── Data shown ──

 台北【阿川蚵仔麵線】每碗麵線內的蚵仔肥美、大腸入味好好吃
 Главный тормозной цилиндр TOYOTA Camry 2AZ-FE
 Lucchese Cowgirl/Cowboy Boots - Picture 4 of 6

───

**Your objective**. At the line containing "Главный тормозной цилиндр", start transcribing exactly, and continue through the last line of the listing. Stop there and add nothing.

**Answer section**.
 Главный тормозной цилиндр TOYOTA Camry 2AZ-FE
 Lucchese Cowgirl/Cowboy Boots - Picture 4 of 6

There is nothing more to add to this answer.